Aspects measured include things such as how much you sweat, heart rate, and that sort of thing.

Initially, you'll be asked a couple of Yes/No questions. I believe (I did my research on this about a decade ago, so small errors are possible) that they'll be mostly truthful for the set-up phase, to establish a baseline of what your readings are when you're honest.

After this, they'll ask you a series of Yes/No questions about the matter at hand (have you been having an affair, do you know who stole the nukes, why did you watch Eurovision last night, and so on).

There's just one small flaw in an otherwise ingenious device: it doesn't work.

A report by an American intelligence agency (which, I hasten to add, was freely available when I was at university) found that the polygraph was barely better than tossing a coin, and that its only real value was to frighten idiot criminals who believe in magic into confessing.

We all know some people are better liars than others. Some people sweat more. Some are very calm. The polygraph can't tell between sweating due to nervousness because you're a serial killer and sweating due to nervousness because you've just had a shitload of wires attached to you and have been asked by a stern man in a suit whether you've killed several people.

There are also various ways to deliberately fool it. For example, entering a Zen Buddhist trance. That's quite tricky, but easier methods include a copper coin under the tongue, or a drawing pin in your shoe (just prick your toe when giving an honest answer. It'll cause your readings to spike, and then, if they do when you're lying, they won't look beyond normal).
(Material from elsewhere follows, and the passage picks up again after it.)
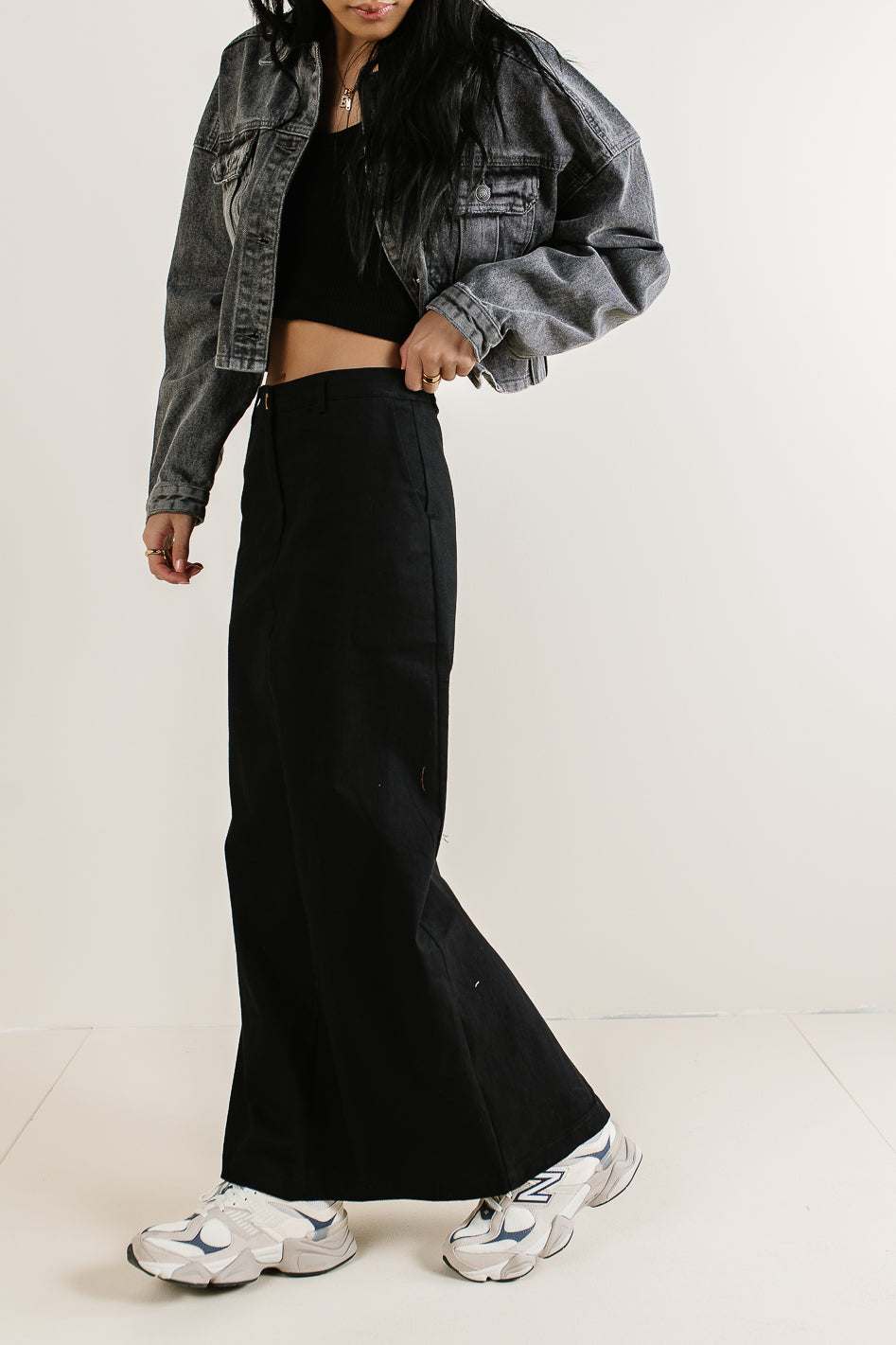 Madelynn Black Skirt for Women | Elegant A-Line Midi Skirt | Perfect for Office, Parties & Date Nights | FINAL SALE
This is actually a serious issue. Leaving aside the artistic licence of fiction writers to exaggerate the polygraph to make it something that actually works, it's used in the US and, sadly, has started to be used in the UK.

Paedophiles let out of prison undergo polygraph tests to 'prove' they have not reoffended. Brilliantly, paedophiles are up there with psychopaths as the best liars in the world. Terrifyingly, this gives a stamp of 'scientific' approval that they've not abused any children lately, even though the polygraph is worthless as a lie-detector.

The polygraph is a triumph of marketing over science. If policymakers paid more attention to science and a little less to fiction we wouldn't use the damned things at all.